It has a momentum of its own.

Yeah.

Was this happening just on the West Coast or was it spreading inland into the East coast as well?

The violence that I'm talking about in the 1870s and then, in the 1880s, this was a West coast phenomenon. Not just in California though, you know, we're talking in the Pacific Northwest. We're talking more inland. One of the most famous, brutal race crimes in American history took place in Rock Springs in the Wyoming territory, where 28 Chinese miners were killed and the Chinese quarter burned down. The Chinese presence on the East Coast really started to take off more around in the 1880s. And, sure it was not a completely peaceful existence either, and they had to deal with bigotry and that kind of thing. Many of them, though, came to New York to flee this violence. There's actually a newspaper story that I found where the reporter is asking people coming off the train, why are they coming? And they were coming because they were fleeing violence. They were hoping for a better life.

Right, so that's also the decade where the title of your book comes from. 

The title of the book is Strangers in the Land, and it comes from a Supreme Court decision.
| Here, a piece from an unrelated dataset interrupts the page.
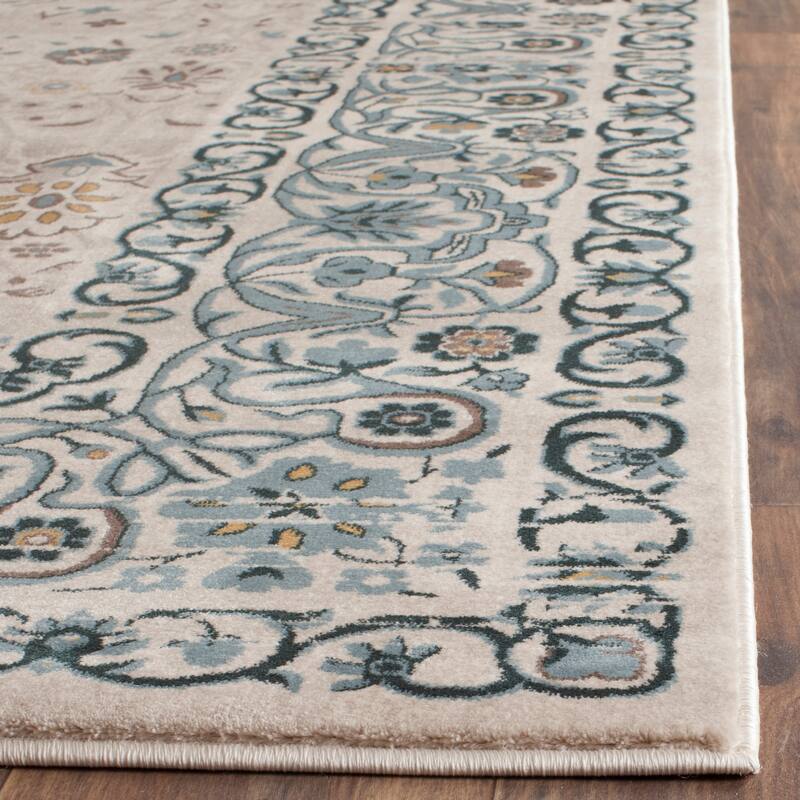 SAFAVIEH Serenity Shameera Traditional Oriental Rug with Fringe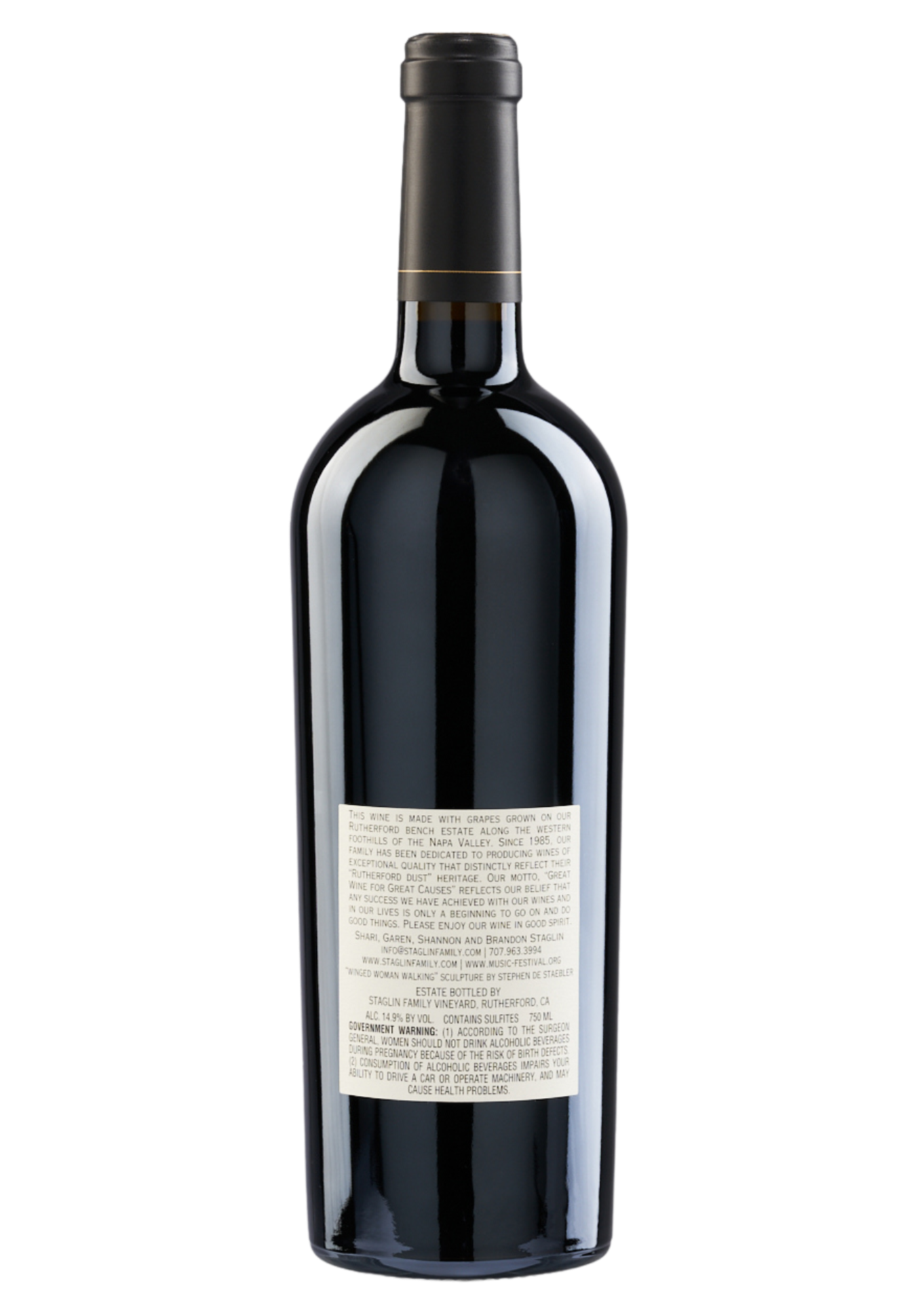 Staglin | Cabernet Sauvignon - 2016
It was actually 1889. It was a decision upholding one of the Chinese exclusion laws. And actually that's something that's a little, maybe for people who are interested in nerding out on history, there's actually a little dispute among historians. The law that was passed in the 1882 that banned Chinese labors from entering the country that is known today as the Chinese Exclusion Act, Beth Lew-Williams actually makes the argument that it was, she believes that it was more commonly known as the Chinese Restriction Act at that point. You can actually go in and search newspapers very easily nowadays, like newspapers.com, genealogybank.com. You can look up Chinese Restriction Act, look up Chinese Exclusion Act. I actually found a fair number of mentions of it but I think her point is correct, that actually the better way to understand Chinese exclusion is that it was not a single law, but a series of progressively more onerous laws that passed between 1882, 1884, 1892 and finally the Chinese exclusion was made permanent soon after the turn into the 20th century. 
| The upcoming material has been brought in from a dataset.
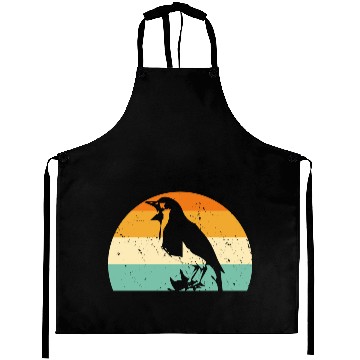 Discover Bird Chirp Art Budgie Sparrow Canary Hummingbird Aprons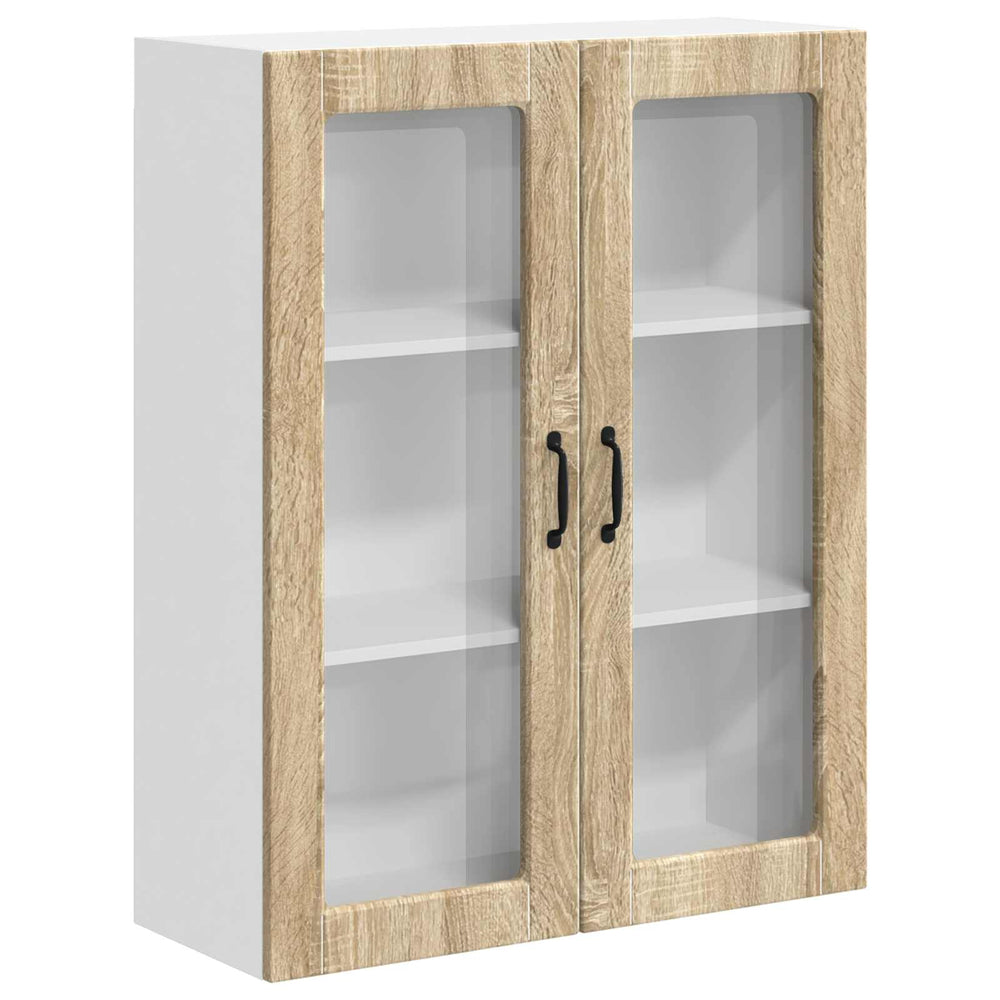 Lucca Küchenwandschrank Sonoma-Eiche 80x100 cm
Because as you write, it was meant to be an experiment for 10 years, and then they’d see. And it just becomes a fixture slowly of its own. And then it was only properly repealed in 1965, which was a lot later. I was quite surprised when I found that.
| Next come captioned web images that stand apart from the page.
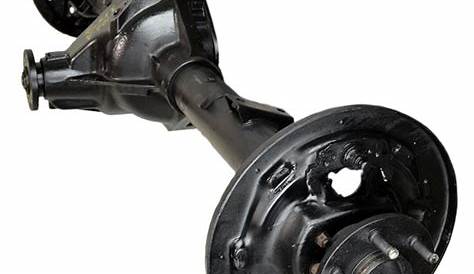 Replace® - Dodge Durango 2000 Remanufactured Rear Axle Assembly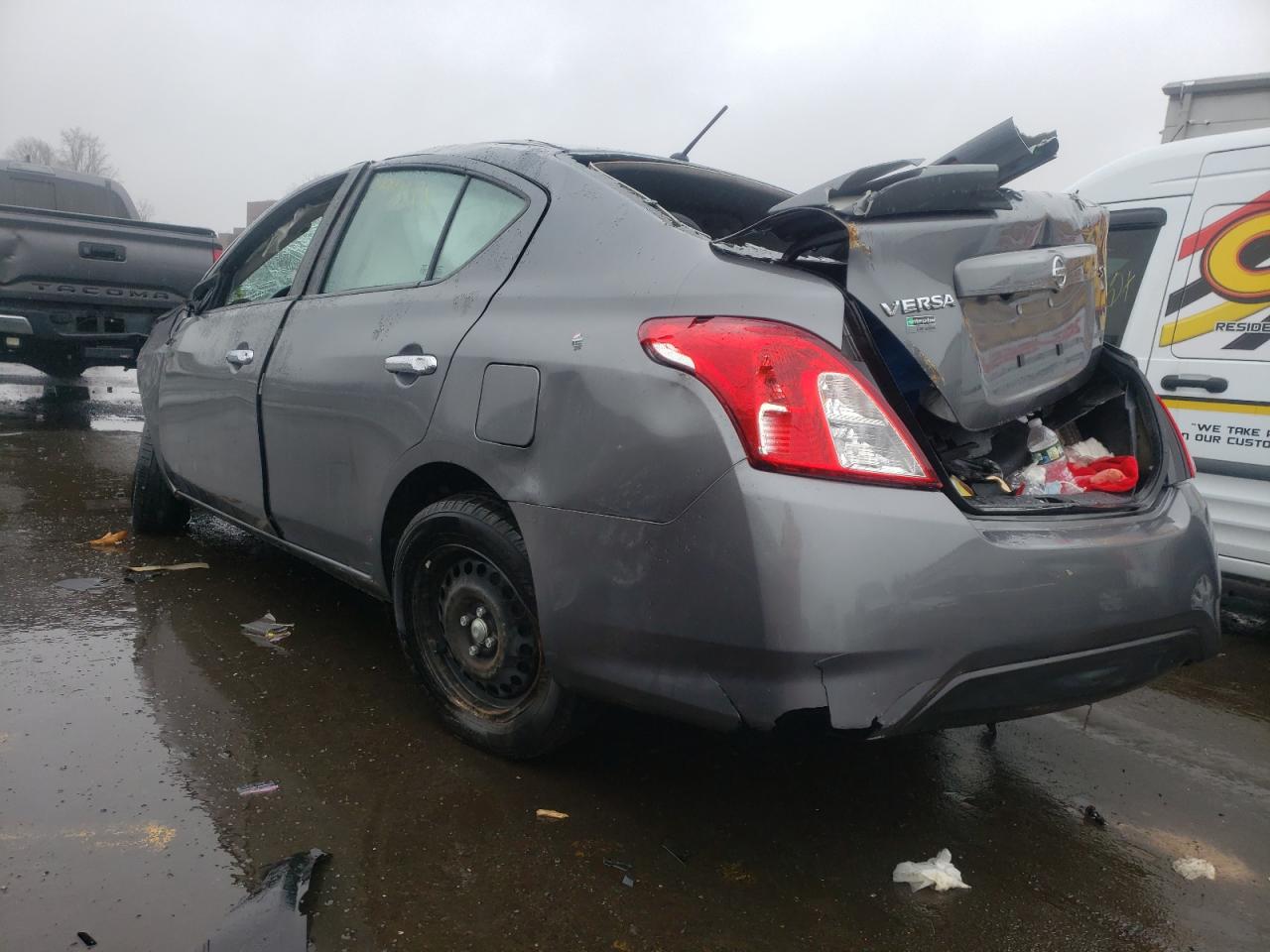 Photo 3 from auction – 2019 NISSAN VERSA S with VIN 3N1CN7APXKL804835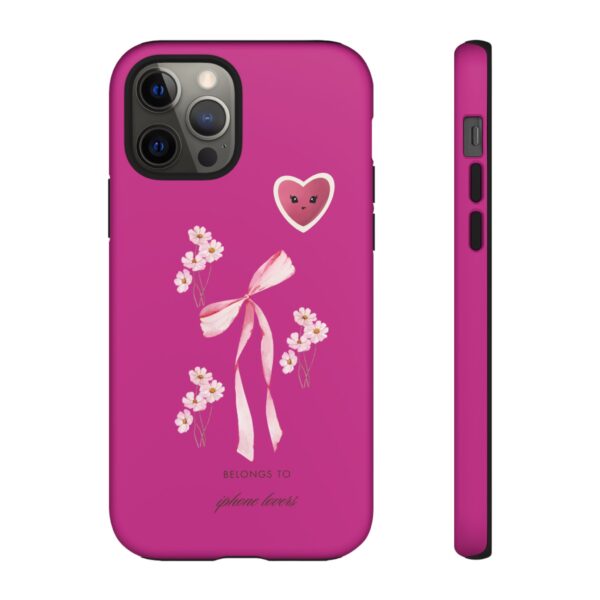 Floral Heart Phone Case - Cute Tough Case for Phone Lovers - Image 31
Yeah, totally. So anyways, to answer your question about the title, the justice was upholding one of these exclusion laws. And when he was explaining the rationale for it, he was saying that the Chinese were unassimilable with the rest of America, with us. And he referred to them as “strangers in the land.” And you know, sometimes when you write a book, you have a title in your head, and then by the time you get to the end of it. It's not your title. This was the title I had picked from the very beginning and it wound up as the title at the end. I really like it because what I try to say in the book is I actually think that the book is not just the story of the Chinese and America; it's the story of any number of immigrant groups who have been treated as strangers, who are currently being treated as strangers and it’s the story of America and the story of our diverse democracy.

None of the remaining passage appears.